Efficacy of Manual Toothbrushes and Powered Toothbrushes in Gingivitis- A Comparative Study
Dr. Alen Pius, Dr Prachi Hazari, Dr. Syeda T Tabasum, Dr. Monika Goswamy, Dr. Munaz Mushir Alam Mulla, Dr. Heena Tiwari

Introduction: Mechanical plaque removal with a manual toothbrush remains the primary method of maintaining oral hygiene for most of the population. However, powered brushes continued to be recommended for the handicapped and for persons with reduced manual dexterity. Materials & Methods: The study was a single-blinded parallel arm randomized controlled interventional trial. Forty-six male and female subjects with gingivitis (32 female and 16 males) with a mean age of 26 years were enrolled but only 44 completed 4-week visit. The subjects were assigned to either of the two different groups (powered brush and manual brush). The test group was assigned to a new power toothbrush while the control group was assigned manual flat trim soft bristle toothbrush for the duration of the 4-week home use trial. Written instructions on brushing and professional brushing demonstration were provided at the outset of the study and repeated at 2- and 4-weeks. Before each visit, subjects had at least 7 hours, but no more than 12 hours of accumulated, non-brushed, undisturbed plaque/debris. Results: The site level reduction was statistically significant in both Manual (Group B) and Powered brush (Group A for facial sites compared to interproximal sites in percentage BOP (bleeding on probing), MGI (modified gingival index), and PI (plaque index). In group B more reduction in BOP was seen at 2 weeks inter-proximally compared to facial sites whereas the reduction in both facial and interproximal aspects is similar in Group A. At 4 weeks BOP in both groups A and B was significantly reduced in facial sites compared to proximal sites. The patient level analysis showed a trend toward reductions in signs of gingivitis over this short time frame but did not show any statistically significant reductions in % BOP, MGI, or PI. Conclusion: Both groups demonstrated a reduction in signs of gingivitis (BOP and GI) in this non-flossing population after being repeatedly trained in toothbrush use over a 4-week period.
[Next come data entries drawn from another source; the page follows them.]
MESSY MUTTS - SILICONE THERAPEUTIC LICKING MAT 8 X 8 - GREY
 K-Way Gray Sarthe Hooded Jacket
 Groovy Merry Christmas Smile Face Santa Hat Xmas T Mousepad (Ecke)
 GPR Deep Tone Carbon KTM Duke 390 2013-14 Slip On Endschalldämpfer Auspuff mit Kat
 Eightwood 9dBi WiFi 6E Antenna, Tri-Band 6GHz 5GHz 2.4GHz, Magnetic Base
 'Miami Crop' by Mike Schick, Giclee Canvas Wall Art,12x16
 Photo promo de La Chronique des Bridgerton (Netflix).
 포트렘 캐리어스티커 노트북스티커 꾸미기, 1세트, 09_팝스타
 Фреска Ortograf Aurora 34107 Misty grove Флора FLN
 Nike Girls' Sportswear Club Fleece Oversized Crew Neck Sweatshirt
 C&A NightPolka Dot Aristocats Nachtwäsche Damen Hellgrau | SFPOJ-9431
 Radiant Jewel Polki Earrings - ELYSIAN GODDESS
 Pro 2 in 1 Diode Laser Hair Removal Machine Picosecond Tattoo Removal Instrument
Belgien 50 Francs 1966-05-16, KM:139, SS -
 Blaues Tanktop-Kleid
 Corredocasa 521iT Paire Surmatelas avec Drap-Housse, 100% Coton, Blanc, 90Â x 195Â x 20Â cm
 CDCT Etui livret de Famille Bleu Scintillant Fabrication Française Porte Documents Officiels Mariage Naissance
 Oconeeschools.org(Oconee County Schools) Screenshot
Both tooth brushes were equally effective in reducing overnight plaque as a single use exercise after initial professional training. In the short term, subjects well-trained in the use of either an oscillating-rotating power brush or a manual toothbrush can demonstrate reductions in plaque and gingivitis, but the reductions were not statistically significant. Keywords: Toothbrush, Powered toothbrush, Comparative analysis, Bleeding on probing, Modified gingival index, Plaque index.